**EXERCISE DESCRIPTION:** Return, exactly as written, every line from the first line of the data below through the line that contains "Welcome to The Windows".

↓

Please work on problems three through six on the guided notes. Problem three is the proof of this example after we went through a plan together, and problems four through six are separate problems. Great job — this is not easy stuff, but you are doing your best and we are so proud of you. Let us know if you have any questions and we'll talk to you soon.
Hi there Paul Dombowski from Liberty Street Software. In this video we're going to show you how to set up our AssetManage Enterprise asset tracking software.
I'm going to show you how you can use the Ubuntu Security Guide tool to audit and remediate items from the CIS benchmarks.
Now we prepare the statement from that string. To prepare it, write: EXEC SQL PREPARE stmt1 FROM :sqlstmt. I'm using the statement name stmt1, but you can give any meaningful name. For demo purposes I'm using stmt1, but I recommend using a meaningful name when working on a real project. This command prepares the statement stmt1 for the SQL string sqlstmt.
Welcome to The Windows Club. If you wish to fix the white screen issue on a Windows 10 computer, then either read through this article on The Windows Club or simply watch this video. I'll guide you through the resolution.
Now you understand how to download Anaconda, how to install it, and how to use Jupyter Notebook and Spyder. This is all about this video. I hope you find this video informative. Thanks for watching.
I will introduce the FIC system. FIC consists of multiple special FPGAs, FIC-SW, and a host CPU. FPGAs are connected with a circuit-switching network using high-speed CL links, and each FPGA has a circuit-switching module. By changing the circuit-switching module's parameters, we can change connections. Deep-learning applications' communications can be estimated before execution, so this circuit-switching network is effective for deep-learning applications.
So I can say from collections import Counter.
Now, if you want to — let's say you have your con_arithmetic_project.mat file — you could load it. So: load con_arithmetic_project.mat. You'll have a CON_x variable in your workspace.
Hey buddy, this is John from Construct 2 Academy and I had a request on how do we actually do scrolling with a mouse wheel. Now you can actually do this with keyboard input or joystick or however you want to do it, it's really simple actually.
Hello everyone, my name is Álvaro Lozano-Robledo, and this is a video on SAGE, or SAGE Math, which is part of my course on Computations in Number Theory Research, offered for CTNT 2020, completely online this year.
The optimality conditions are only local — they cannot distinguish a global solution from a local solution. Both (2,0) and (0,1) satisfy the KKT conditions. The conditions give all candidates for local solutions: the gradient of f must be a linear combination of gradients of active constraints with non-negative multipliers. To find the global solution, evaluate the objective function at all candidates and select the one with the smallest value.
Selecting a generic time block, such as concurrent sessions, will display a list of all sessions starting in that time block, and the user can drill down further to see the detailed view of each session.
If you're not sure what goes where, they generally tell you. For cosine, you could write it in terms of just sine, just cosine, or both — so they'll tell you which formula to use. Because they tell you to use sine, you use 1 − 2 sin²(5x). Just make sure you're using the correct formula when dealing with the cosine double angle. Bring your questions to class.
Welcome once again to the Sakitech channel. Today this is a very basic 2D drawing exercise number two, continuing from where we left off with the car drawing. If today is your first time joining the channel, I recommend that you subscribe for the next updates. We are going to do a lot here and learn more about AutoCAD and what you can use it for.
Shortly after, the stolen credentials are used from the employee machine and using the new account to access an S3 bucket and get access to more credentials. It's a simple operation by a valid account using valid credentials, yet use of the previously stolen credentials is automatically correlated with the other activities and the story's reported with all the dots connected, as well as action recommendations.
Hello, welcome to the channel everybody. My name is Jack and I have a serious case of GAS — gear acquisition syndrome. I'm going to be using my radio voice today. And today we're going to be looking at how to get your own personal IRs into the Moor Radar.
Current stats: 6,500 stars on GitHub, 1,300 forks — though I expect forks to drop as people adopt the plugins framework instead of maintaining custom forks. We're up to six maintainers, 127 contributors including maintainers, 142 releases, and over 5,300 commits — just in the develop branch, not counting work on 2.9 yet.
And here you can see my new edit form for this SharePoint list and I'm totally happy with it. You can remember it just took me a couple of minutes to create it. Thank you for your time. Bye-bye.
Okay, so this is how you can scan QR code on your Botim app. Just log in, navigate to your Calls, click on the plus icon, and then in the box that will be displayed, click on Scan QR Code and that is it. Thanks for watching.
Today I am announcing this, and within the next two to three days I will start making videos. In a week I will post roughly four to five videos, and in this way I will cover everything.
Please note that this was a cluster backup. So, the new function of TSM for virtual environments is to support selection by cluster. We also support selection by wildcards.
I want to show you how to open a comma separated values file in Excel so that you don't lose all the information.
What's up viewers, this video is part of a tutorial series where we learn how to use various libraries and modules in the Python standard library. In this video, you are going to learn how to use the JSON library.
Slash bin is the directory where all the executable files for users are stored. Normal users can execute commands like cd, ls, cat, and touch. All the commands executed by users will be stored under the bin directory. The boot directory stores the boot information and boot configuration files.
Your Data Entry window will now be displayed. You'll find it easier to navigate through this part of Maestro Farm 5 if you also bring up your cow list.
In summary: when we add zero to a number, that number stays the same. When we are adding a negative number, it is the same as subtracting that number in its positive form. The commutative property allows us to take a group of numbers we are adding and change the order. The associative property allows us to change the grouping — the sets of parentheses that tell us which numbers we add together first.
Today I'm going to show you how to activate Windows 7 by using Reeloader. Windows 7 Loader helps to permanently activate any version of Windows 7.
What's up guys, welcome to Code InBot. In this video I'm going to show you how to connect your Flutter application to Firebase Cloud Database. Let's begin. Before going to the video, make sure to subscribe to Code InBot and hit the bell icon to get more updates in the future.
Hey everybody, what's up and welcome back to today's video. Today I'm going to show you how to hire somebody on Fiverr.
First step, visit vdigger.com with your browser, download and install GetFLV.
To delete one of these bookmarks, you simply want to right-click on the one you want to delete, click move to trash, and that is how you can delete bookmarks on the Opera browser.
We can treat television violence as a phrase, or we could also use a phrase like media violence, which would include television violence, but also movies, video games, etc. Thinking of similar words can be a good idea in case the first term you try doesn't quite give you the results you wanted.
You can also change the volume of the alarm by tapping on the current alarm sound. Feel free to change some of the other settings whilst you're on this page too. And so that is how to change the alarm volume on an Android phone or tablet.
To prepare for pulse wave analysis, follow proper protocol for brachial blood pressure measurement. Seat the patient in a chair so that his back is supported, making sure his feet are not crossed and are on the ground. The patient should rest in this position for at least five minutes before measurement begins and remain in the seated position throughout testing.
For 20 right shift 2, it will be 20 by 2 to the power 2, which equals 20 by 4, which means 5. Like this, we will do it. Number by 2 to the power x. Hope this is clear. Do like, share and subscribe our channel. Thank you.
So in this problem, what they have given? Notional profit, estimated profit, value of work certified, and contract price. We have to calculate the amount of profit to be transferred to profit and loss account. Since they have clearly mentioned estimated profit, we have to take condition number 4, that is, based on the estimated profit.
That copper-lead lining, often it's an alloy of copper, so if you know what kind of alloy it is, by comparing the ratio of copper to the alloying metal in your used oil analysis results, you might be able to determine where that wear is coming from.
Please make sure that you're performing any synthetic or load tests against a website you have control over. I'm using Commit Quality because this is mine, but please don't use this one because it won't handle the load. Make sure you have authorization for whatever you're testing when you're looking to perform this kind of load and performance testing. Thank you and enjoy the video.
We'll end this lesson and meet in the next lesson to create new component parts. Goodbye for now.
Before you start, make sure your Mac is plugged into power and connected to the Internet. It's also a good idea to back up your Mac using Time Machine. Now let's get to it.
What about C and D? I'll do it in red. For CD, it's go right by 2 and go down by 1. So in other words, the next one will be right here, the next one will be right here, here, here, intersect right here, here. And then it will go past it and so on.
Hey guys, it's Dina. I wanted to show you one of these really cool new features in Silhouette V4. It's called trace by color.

↑

**WRITTEN SOLUTION:**
Please work on problems three through six on the guided notes. Problem three is the proof of this example after we went through a plan together, and problems four through six are separate problems. Great job — this is not easy stuff, but you are doing your best and we are so proud of you. Let us know if you have any questions and we'll talk to you soon.
Hi there Paul Dombowski from Liberty Street Software. In this video we're going to show you how to set up our AssetManage Enterprise asset tracking software.
I'm going to show you how you can use the Ubuntu Security Guide tool to audit and remediate items from the CIS benchmarks.
Now we prepare the statement from that string. To prepare it, write: EXEC SQL PREPARE stmt1 FROM :sqlstmt. I'm using the statement name stmt1, but you can give any meaningful name. For demo purposes I'm using stmt1, but I recommend using a meaningful name when working on a real project. This command prepares the statement stmt1 for the SQL string sqlstmt.
Welcome to The Windows Club. If you wish to fix the white screen issue on a Windows 10 computer, then either read through this article on The Windows Club or simply watch this video. I'll guide you through the resolution.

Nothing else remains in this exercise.